XMLの役割は,情報の形を定義するだけではなく,次の項目がある。
1.情報表現
 データを構造化し属性をつけて意味付けすることができる。
 紙面やWebやデータベース上での情報の形を定義できる。
 XMLはメタ言語であり, 「○○○ML」のような言語を設計することができる。
 また,XMLはアンチオブジェクト指向?という考え方もある。
2.情報検索
 構造検索,タグと内容の組み合わせ検索,メタデータ検索,全文検索などさまざまな検索方法を提供する。
 既存のデータベースとの連携も容易であり,表構造のデータとXMLデータの共存や協調も可能である。
3.情報変換
 XMLデータを操作して,必要なデータを取り出したり加工したりするのに,さまざまな関連規格(XSLT・XSL-FO・DOM等)が用意されている。
 例えば,WORD文書から一部分を取り出してXMLファイルを作り出すことも容易にできる。
 Webブラウザ上でソートや合計計算等も可能。
 XMLデータをレイアウトして,PDFに変換することも可能。
4.情報処理
 XMLは自己記述形式,つまり自明なデータ形式であるため,プログラムが自立分散的な処理を行ないやすい。
 XMLをプログラミング言語として使用することも常識となる。

XMLの関連規格

関連規格は情報を貯め表現し,検索,変換等の処理をするために利用される。
 XML Schema……構造と属性を指定
 CSS……Web画面上のレイアウト情報を指定
 XSL-FO……紙への出力の際の組版情報を指定
 XPath……構造の特定の部分を指定
 XLink,XPointer……リンクを指定
 XSLT……構造を切り出し,変換する
 DOM……外部のアプリケーションから操作する

XMLの適用順序

1.XMLをシステム間のインターフェースとして使う
 各システムの内部では依然として独自のデータ形式が使用されるが,システムとシステムの間はEDIのような交換規約としてXMLを使用する。

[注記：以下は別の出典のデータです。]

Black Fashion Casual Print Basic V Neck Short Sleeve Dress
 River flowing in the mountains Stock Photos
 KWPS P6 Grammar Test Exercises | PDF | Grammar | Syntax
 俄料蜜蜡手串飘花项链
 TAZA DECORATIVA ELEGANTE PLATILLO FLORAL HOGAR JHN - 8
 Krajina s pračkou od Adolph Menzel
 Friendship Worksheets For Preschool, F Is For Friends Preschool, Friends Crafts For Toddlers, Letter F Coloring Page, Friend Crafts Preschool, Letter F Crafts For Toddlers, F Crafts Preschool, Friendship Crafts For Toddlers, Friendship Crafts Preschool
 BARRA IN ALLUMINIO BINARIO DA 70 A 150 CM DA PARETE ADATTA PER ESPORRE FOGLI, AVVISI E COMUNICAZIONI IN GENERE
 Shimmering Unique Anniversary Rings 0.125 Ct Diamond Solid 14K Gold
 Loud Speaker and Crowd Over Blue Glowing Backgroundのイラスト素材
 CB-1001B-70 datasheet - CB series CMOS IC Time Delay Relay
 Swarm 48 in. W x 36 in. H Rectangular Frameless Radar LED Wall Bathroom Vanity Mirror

使われるDTDは固定的である。
 各種フォーマットをXMLに片方向で変換するコンバータを利用することになる(他形式 対 XMLのコンバート)。
2.XMLをアプリケーション間のインターフェースとして使う
 システム内の各アプリケーションが標準的にXMLに対応するようになり,XMLがアプリケーション間のネイティブなデータ形式になる。使用するDTDは多様化し,アプリケーション側の柔軟な対応が求められる。
 また,各種フォーマットをXMLに双方向で変換するコンバータと,XML間の構造コンバートつまりXML対XMLのコンバートが必要となる。
3.XMLを情報の保管に使用
 データベースシステムがXML対応機能を高め,Tree構造をそのまま扱えるようになる。
 XML形式でデータを保管できるようになり,システム依存だった開発スタイルも,データモデル確立の方向へ向かっていく。したがって,データは短命なシステム依存ではなく,独自のライフサイクルを持つようになる。
4.オブジェクト指向によるデータ管理
 Webサービスの時代となり,データとプロセスを両方オブジェクト指向で捕らえ,分散環境の小さなアプリケーションを動的に組み合わせる時代になる。
 今までは業務プロセスをプログラミングで定義していたが,これからはプロセスモデルの形をとってXMLで定義するようになる(データだけではなくプロセスもXMLで定義する)。

やってはいけないこと

1.システム依存開発
 単にシステムを組み合わせて,その機能に客先の業務プロセスを合わせるシステムインテグレーションの手法ではだめである。
 顧客が持つ情報のあるべき姿と利用形態をそのままモデル化し,それに応じたシステムを作成する時代になるべきである。
2.システム依存データ
 特定のシステム上でなければ動かないデータは,扱いにくい情報になってしまう。それは,システムの寿命が短く結局コスト高になり,陳腐化すればただのゴミになってしまう。
3.アプリケーション機能依存のプログラミング
 特定のソフトウエア環境や特定のプラグインがないと動かないコンテンツは,情報の共有と再利用を大きく阻む要因になる。特殊なプログラミングを行なったWebページについても同様である。
 情報のモデルと表現と処理は分ける方向へ行かなければならない。Webブラウザの仕様はXHTML対応となり,今後既存のHTMLは作り変えが必要となるだろう。

印刷業界とXMLについて

 情報の資産性を高める仕組みとしてアプリケーションの機能に依存してきたのは多少の問題がある。OSやソフトウエアの寿命が短命になった今,例えば特定のDTPソフトに関する高度技術をもっていても,1〜2年でそのソフトが使われなくなるという問題もある。
 またソフトウエアそのものも進化し,ユーザ自身である程度の品質の作品を作ることが可能になってきている。
 目先の簡便さに惑わされず,特定のアプリケーションに依存しない付加価値の高い技術を手にすることが,コストダウンと新ビジネス創造の両方を行なう印刷業にとって生き残りの方策となる。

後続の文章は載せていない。